PAYING FOR GRAFFITI UNTIL 2021
Messenger - Southern Times
Edition 0WED 24 MAY 2000, Page 001
By Stacy Farrar
What you do as a teenager can cost you until your middle
age. Stacy Farrar reports:
A GRAFFITI vandal guilty of more than 800 offences across the Onkaparinga
Council area will spend the next 21 years compensating the council for cleaning
up his damage.
The 18-year-old has been ordered into a direct debit scheme $25 will be
automatically taken out of his fortnightly youth allowance payments until 2021.
If he gets a job, the money will be taken out of his pay.
The youth was caught vandalising council property through special surveillance
cameras.
He admitted to the offences after being showed photographic and video evidence
of his crimes.
Onkaparinga asset maintenance manager Roger Saltmarsh said pursuing offenders
through the civil court, as a last resort, was proving successful.
``In the language of the street, this is the deterrent that is actually getting
through to them,'' Mr Saltmarsh said.
``We hit them right in their own hip pocket.''
The council's security teams have caught 56 vandals; of these, nine have ended
up in court.
Mr Saltmarsh stressed that legal action only occurred after the nine refused to
work with the council's contracted counsellors, or agree to community service
work.
``They only finish up in court through non-cooperation, and failure to make any
efforts.
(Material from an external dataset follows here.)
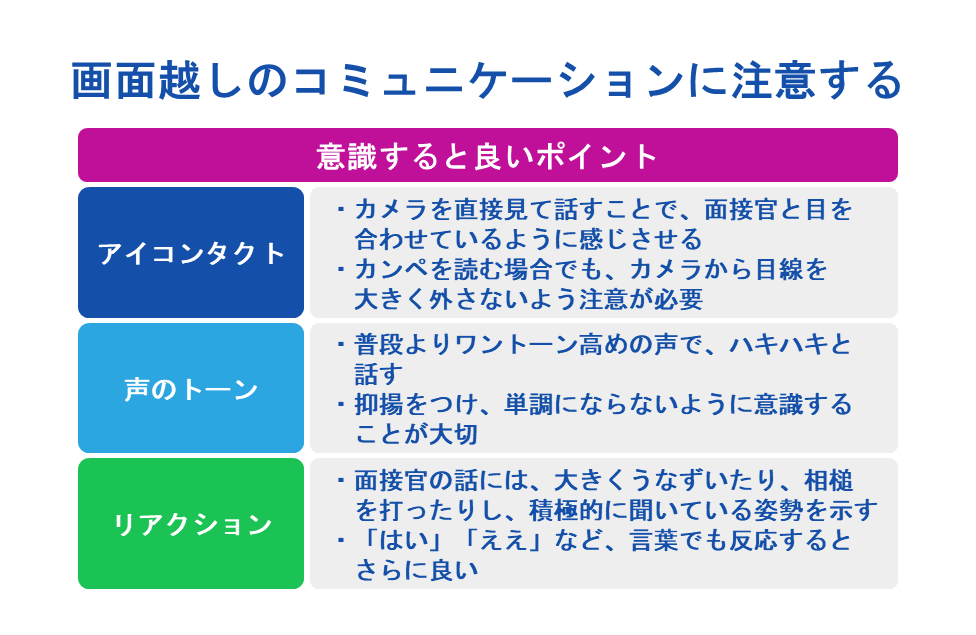 画面越しのコミュニケーションに注意する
If we're continually met with that then we sue them,'' he said.
Several of the nine were also paying small amounts through direct debit; other
cases were still to be heard in court.
Since introducing a cost recovery program in February 1998, the council has got
back more than $55,000 from vandals.
This is not counting the hundreds of hours of community service performed in
lieu of payment.
``We take them to the civil court because they award based on the damage, rather
than on the age of the offender,'' Mr Saltmarsh said.
``In the criminal court, firstly you're lucky if you get a conviction, and then
the maximum amount is only 10 per cent of costs.'' The cases are heard in the
minor claims court, not requiring costly lawyers.
``It proves the support for the program, that we're getting these successes
without legal representation,'' Mr Saltmarsh said.